Her iki kuram, birbirleri ile daima uyumsuz ama her biri kendi alanlarında çeşitli kereler doğrulandılar.
Bilim dünyasına göre yanıt bu iki kuramın birleşmesinde, yeni birleşik kuramın adı ise "TOE- Theory of Everything" yani "Her Şeyin Kuramı".
Modern bilimin bu iki ayağı kendi alanlarında muhteşem, ama ortak bir kural sistemi nasıl bir şey olacak?
Tüm teorik fizikçiler 1970 lerden bu yana bu konuya odaklanmış durumda.
Biliyorsunuz başlangıçta yalnızca enerji vardı, sonra temel parçacıklar oluştu ve hepsi bir araya gelerek uzay-zamanı oluşturdular. Yani makro yapı sonuçta mikro yapının bir ürünü. Bu nedenle küçük ölçeklerde (Planck ölçeğinde) çalışmak gerekir düşüncesi hakim.
Bu anlamda Sicim Kuramı, "Her Şeyin Kuramı"na giden yolda en umut verici kuram olarak ortaya çıktı.

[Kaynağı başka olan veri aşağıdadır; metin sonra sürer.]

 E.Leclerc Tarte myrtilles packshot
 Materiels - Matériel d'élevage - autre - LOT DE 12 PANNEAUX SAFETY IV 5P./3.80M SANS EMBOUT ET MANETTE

Evreni tek bir matematik denklemle açıklayacak bir kuram henüz yok. Stephen Hawking, bunun içinde bulunduğumuz yüzyılın sonuna doğru gerçekleşebileceğini söylüyordu. Belki de o zaman büyük tasarımı anlayabilecektik.
O şimdi yok.
Biliyorsunuz bu muhteşem akıl, iki yıl önce 14 Mart 2018'de aramızdan ayrıldı.
Ona göre insanlığı tehdit eden olaylardan kaçmak mümkün değil: "İnsanlığı tehdit eden olaylar arasında göktaşı çarpması gibi kozmik olanlar olduğu gibi yapay zeka, iklim değişikliği, genetiği değiştirilmiş virüsler veya nükleer savaş gibi insanın kendi yarattığı tehditler de bulunuyor."
İlginçtir, 2018 yılında aramızdan ayrılan Stephen Hawking bunları söylerken 2020 yılını adresliyor olabilir miydi?!